«Stiamo facendo le verifiche con la Conservatoria dello Stato per conoscere con esattezza il tipo e l’entità dei beni confiscati alla camorra in via Santa Caterina». Il vicesindaco Andrea Di Martino, assessore con delega al Patrimonio, assicura che il Comune di Castellammare ha già avviato tutte le richieste necessarie per chiarire il “giallo” intorno al locale terraneo in via Santa Caterina che, insieme agli appartamenti al primo e al secondo piano, venne confiscato all’imprenditore Liberato Paturzo. Tutti e tre i beni passarono definitivamente nelle mani dello Stato nel 1997. L’Agenzia del Demanio poi li trasferì al Comune nel 2004 e nel 2005 ci fu il conferimento da Palazzo Farnese al Consorzio Sole (ente nato per il riutilizzo ai fini sociali dei beni confiscati alla criminalità) che pubblicò il bando per l’assegnazione a un’associazione. «All’epoca l’amministrazione Vozza ebbe grande attenzione all’intera vicenda- ricorda il vicesindaco Andrea Di Martino che di quell’esperienza amministrativa fece parte come assessore alle Politiche Sociali- Questa anomalia del terraneo mi è stata segnalata dall’Asharam e già nei mesi scorsi ho chiesto alla Conservatoria gli atti relativi a questi beni». All’ufficio Patrimonio del Comune, infatti, c’è soltanto l’indicazione delle particelle catastali contenute nel decreto di confisca che non descrivono con esattezza il bene indicandone, ad esempio, i confini con le altre proprietà. Cosa che, invece, avviene con gli atti registrati alla Conservatoria dello Stato.
In questo caso a complicare la situazione ci sarebbe la natura abusiva della costruzione. «Si dovrebbe trattare- spiega il vicesindaco Di Martino- di un locale abusivo e murato, pertanto inaccessibile. Per averne piena certezza abbiamo ufficialmente avviato le verifiche con la Conservatoria».

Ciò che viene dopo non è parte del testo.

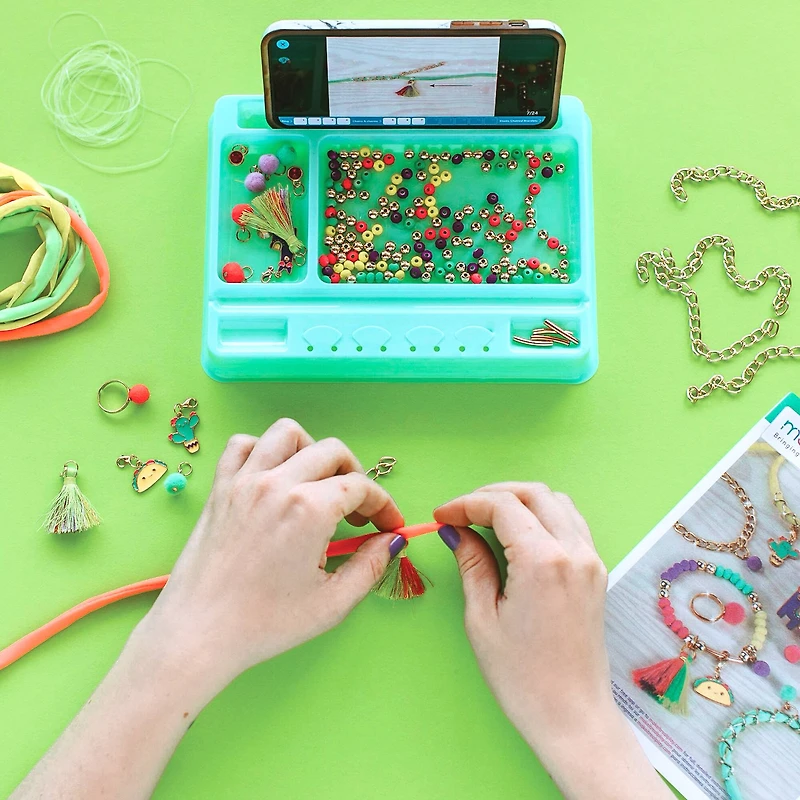 Make It Real™ Neo-Brite Chains & Charms Kit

Al momento, dunque, non è chiaro quale sia il locale indicato in tutti gli atti che riguardano i beni ex Paturzo in via Santa Caterina. La stessa conformazione della palazzina, del resto, non aiuta. Una volta entrati dal portone che dà sulla strada, infatti, per raggiungere i beni confiscati bisogna accedere a un altro portoncino sulla sinistra e salire le scale. Al piano terra lo spazio è angusto, le aree libere non corrispondono a quelli dei piani superiori. Si intuisce che accanto a questo secondo ingresso c’è un locale ma dall’interno non vi si accede perché le pareti sono tutte murate. Quel che non si comprende è se quello stesso locale “sfoci” nella serranda che dà sulla strada. Abbassata. E misteriosa.